Run it with node index.js. On an 8-core machine, you get 8 workers. To trigger a zero-downtime restart during a deploy:

kill -SIGTERM $(cat app.pid)

The Black Friday simulation: what this actually achieves

At 12:00 AM, connections arrive. The OS distributes them across 8 workers. Each worker handles its slice of traffic independently—no shared memory, no lock contention. Worker 1 processing a checkout has no impact on Worker 4 processing a product lookup.

At 12:07 AM, your team spots a bug in the discount calculation. They push a fix. Deployment triggers SIGTERM on the master.

The rolling restart begins. Worker 1 receives SHUTDOWN. It stops accepting new requests. The 3 requests currently in flight finish—they take about 60ms combined. Worker 1 exits. A fresh Worker 9 starts, running the patched code, and begins accepting traffic. Then Worker 2. Then Worker 3. By 12:09 AM, all 8 workers are running the patched code. Not a single in-flight request was dropped. No customer saw an error.

Scenario	Single Process	Cluster + Graceful Shutdown
CPU utilization (8-core machine)	❌ 12.5% (1 of 8 cores)	✅ ~100% (all cores active)
Requests dropped on deploy	❌ All in-flight requests	✅ Zero
Worker crash recovery	❌ Full outage	✅ Auto-respawn, 7 workers continue
Throughput under spike	❌ Single queue, degrades fast	✅ Distributed queue, scales linearly
Deployment strategy	❌ Stop → deploy → restart	✅ Rolling restart, no downtime window

What about load balancers and PM2?

In a real production system with multiple machines, you would typically have a load balancer (NGINX, AWS ALB) in front, and a process manager like PM2 handling clustering and restarts.
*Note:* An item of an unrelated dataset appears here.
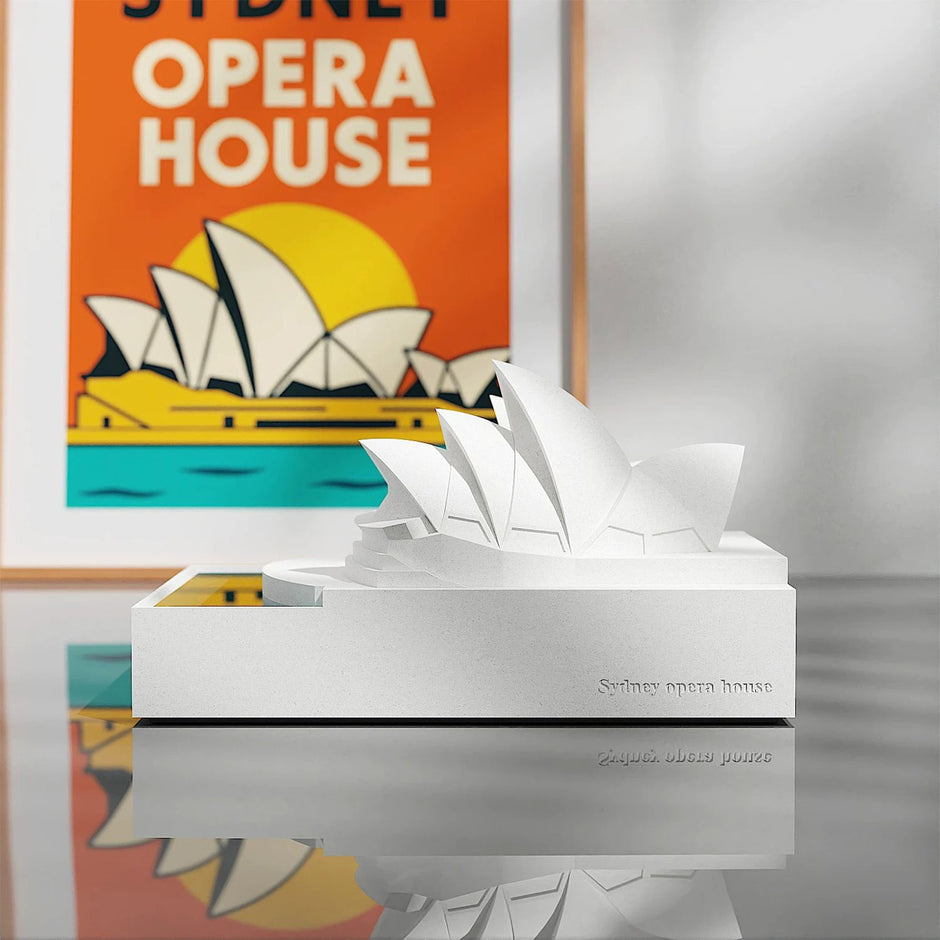 Sydney Opera House Concrete Model - Modern Architectural Sculpture Desktop Decor, Minimalist Cement Statue for Home Office Bookshelf, Unique Travel Souvenir & Housewarming Gift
PM2's pm2 reload command does almost exactly what we built above.

But here is why understanding the raw cluster module matters: PM2 and cloud load balancers are abstractions over exactly this machinery. When a rolling restart goes wrong in production—and eventually it will—you need to know what signal the master is sending, why a worker is not draining, and what the 30-second SIGKILL safety valve is protecting against. You cannot debug an abstraction you have never looked underneath.

Production note: For single-machine deployments, use the raw cluster module or PM2 in cluster mode (pm2 start index.js -i max). For multi-machine deployments, let your orchestration layer (Kubernetes, ECS) handle node-level scaling, and use the SIGTERM graceful shutdown logic in your worker for zero-downtime pod replacement. The worker shutdown code in Step 3 applies identically to both cases.

Key takeaways

01 — Clustering is basic resource utilization. Node.js is single-threaded. On a multi-core machine, a single process wastes most of your hardware. Clustering is not premature optimization.

02 — Graceful shutdown is not just server.close(). It means tracking in-flight requests, rejecting new ones with 503, draining the queue, then exiting.

03 — Spawn before you kill. In a rolling restart, create the replacement worker before waiting for the old one to exit. One fewer worker during a traffic spike is a real cost.

04 — Always set a SIGKILL timeout. A worker that holds open a database connection or hangs in a third-party API call will never drain. The safety valve is not optional.

E-commerce failures during peak traffic are almost always architectural, not hardware problems. The stores that stay up on Black Friday are not running bigger servers—they are running smarter code.

The cluster module and graceful shutdown logic are not advanced topics. They are table stakes for any Node.js application that real people depend on.

Your store is ready. Let's get to selling.